The preoperative estimation of risk factors for poor prognosis of patients with PDACs has been studied. Pathological tumor stage was reported as a strong prognostic factor for patients with PDACs, but preoperative serum tumor markers, such as CA 19-9 and pancreatic cancer-associated antigen (DUPAN-2), were not. 4 However, clinicians may change the treatment strategy for patients with PDACs based on strong preoperative prognostic makers. For patients who have poor prognosis based on preoperative prognostic markers, we recommend chemoradiotherapy before radical surgery, or perhaps even avoiding the surgical procedure altogether because of the high incidence of postoperative complications. In this study, we retrospectively analyzed the prognostic markers of patients with PDACs at a single center. In doing so, we found that high CAR and low PNI were strong prognostic preoperative markers independently of tumor stage.
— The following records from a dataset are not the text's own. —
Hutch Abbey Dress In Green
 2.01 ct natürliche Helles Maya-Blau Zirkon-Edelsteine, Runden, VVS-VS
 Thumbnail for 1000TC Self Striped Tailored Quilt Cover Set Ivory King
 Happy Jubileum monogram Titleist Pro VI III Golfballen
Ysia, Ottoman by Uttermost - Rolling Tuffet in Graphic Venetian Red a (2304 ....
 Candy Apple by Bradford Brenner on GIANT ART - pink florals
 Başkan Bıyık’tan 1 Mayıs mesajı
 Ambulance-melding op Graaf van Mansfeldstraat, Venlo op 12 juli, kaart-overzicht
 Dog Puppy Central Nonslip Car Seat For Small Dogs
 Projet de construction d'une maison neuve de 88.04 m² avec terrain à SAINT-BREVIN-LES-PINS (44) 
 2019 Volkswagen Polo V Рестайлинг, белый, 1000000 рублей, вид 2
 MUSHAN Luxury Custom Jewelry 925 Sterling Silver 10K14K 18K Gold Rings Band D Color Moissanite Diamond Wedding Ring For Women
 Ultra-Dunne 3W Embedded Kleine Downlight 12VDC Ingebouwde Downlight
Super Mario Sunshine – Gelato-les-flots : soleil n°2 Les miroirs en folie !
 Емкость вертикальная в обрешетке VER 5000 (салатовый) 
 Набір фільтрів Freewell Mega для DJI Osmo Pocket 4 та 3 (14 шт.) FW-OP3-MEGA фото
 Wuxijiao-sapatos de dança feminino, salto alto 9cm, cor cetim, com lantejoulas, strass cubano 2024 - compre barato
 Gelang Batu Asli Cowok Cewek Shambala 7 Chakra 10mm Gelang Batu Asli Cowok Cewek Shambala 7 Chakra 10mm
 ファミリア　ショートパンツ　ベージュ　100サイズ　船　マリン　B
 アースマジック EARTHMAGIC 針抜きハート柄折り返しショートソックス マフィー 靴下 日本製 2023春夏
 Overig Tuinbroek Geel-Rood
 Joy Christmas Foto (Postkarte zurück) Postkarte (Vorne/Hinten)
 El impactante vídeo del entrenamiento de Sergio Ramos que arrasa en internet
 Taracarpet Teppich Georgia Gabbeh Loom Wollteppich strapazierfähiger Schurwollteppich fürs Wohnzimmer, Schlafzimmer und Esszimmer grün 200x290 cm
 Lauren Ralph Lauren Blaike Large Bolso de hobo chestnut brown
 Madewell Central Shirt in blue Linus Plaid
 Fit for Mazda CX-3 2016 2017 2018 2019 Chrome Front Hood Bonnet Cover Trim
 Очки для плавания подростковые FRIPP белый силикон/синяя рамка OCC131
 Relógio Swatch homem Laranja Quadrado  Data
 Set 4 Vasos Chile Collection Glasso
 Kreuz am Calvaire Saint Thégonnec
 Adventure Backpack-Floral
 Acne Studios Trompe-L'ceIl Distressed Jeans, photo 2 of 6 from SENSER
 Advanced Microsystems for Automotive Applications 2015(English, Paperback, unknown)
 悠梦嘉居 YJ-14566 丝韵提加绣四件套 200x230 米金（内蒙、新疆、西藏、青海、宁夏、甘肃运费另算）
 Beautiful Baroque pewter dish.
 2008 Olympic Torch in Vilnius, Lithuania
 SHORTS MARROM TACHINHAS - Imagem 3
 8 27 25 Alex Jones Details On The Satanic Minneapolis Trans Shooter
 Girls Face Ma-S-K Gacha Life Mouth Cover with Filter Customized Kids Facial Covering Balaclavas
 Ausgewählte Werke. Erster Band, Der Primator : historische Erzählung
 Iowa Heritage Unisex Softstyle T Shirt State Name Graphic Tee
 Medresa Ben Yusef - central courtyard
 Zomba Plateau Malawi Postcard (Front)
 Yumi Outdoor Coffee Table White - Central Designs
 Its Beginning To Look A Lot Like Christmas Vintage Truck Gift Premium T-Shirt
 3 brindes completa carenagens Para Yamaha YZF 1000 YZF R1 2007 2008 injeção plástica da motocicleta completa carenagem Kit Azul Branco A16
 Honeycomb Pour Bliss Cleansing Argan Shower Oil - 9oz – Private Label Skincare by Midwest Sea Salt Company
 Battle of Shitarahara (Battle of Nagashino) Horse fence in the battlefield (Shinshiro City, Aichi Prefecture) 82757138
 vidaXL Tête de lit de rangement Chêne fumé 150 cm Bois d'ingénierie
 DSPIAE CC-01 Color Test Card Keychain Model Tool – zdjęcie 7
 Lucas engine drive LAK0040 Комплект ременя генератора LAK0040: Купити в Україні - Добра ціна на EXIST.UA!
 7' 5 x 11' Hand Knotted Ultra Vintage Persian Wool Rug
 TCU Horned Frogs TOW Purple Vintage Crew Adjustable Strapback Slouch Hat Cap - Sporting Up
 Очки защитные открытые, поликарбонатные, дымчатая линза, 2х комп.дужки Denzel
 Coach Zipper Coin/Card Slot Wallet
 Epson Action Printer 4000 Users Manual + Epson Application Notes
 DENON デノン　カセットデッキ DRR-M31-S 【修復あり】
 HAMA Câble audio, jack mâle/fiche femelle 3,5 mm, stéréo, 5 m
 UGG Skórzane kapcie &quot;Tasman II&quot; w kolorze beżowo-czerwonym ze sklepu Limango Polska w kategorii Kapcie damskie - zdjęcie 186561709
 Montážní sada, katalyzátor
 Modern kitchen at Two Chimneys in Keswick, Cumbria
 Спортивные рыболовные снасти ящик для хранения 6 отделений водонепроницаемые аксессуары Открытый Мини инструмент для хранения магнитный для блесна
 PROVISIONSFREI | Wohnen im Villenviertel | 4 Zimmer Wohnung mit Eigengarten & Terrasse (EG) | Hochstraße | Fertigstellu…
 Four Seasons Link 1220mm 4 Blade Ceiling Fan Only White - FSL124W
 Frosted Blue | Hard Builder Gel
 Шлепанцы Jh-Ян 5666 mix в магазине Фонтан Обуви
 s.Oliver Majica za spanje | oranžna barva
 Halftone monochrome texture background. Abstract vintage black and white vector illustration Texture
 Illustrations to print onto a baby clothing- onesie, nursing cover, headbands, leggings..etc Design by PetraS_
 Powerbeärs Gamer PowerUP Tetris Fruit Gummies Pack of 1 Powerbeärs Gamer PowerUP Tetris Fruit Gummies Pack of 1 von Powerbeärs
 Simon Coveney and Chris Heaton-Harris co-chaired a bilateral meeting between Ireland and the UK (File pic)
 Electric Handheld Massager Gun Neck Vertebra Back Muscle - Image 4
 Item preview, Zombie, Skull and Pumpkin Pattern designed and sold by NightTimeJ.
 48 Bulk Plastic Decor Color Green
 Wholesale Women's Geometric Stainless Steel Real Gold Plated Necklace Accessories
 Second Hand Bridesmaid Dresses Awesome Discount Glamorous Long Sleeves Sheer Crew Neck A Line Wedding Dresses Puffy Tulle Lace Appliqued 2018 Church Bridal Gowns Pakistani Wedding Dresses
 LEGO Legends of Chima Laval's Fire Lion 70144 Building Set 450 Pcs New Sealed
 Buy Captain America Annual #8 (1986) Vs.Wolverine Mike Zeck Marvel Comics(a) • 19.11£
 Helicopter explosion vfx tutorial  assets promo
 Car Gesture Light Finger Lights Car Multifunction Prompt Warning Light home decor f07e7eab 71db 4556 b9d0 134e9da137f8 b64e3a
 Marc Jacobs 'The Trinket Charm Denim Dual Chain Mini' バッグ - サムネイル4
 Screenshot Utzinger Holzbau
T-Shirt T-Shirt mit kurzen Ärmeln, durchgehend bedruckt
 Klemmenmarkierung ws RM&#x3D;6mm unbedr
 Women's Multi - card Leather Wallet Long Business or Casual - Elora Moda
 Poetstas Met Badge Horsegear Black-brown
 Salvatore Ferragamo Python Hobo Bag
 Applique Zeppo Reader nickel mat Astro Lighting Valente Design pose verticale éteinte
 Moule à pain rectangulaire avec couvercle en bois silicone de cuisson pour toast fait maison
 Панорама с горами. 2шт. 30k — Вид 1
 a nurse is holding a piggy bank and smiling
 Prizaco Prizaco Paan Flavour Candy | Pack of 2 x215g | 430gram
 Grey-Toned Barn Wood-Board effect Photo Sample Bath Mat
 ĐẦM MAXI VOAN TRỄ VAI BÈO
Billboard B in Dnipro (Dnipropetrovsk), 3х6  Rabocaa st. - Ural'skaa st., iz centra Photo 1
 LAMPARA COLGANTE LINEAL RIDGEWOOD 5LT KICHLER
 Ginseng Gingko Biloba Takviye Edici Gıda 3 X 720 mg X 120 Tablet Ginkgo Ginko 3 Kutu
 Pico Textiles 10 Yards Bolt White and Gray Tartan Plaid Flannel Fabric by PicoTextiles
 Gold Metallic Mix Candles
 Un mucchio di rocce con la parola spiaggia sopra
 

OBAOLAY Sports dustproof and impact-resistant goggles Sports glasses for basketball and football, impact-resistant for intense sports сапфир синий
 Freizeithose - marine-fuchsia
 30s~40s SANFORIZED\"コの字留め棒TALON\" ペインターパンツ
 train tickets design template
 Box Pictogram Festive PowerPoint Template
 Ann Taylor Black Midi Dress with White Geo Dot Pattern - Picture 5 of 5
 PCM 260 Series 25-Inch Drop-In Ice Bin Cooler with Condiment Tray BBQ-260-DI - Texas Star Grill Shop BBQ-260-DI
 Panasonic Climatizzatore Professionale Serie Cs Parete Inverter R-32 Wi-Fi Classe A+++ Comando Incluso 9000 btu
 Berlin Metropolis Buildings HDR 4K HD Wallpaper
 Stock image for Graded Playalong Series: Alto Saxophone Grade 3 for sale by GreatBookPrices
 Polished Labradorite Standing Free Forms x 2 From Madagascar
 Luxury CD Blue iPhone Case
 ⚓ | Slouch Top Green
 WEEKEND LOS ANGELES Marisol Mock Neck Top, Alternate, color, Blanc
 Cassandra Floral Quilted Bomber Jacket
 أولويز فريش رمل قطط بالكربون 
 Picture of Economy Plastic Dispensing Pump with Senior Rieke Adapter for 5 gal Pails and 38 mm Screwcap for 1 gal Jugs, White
Also, we found that postoperative complications did not influence the survival of the patients. Two markers of systemic inflammatory response, CRP and albumin, have been used in combination to diagnose not only chronic inflammation but also the nutritional status of cancer patients. In addition, pretreatment CAR was shown to be a significant prognostic indicator in various carcinomas.27–29 PNI is based on albumin and absolute lymphocyte count, which are measured routinely in clinical practice. This index is designed to assess nutritional and immunological status, which may be useful in predicting prognosis. Moreover, a significant correlation between low PNI and poor survival has been reported in various cancers.16,30,31 In PDACs, Geng et al. 31 reported that low PNI correlated significantly with shorter OS in patients with advanced pancreatic cancer. In this study, multivariate analysis identified PNI as an independent prognostic factor for OS. Thus, we recommended the preoperative assessment of CAR and PNI before planning the treatment strategies for patients with PDACs. Also, it may be possible that improvement of nutrition before surgery may improve patient's postoperative prognosis in PDACs.
Conclusion
High preoperative CAR and low PNI levels strongly correlated with poor survival in patients with PDACs. These markers should be assessed when selecting the treatment strategies for patients with PDACs.
Footnotes
Acknowledgment
We specially thank Dr. Hiroaki Saito (Department of Surgery, Division of Surgical Oncology, Faculty of Medicine, Tottori University, Yonago 683-8504, Japan) for analyzing the ROC curves.
Author Disclosure Statement
No competing financial interests exist.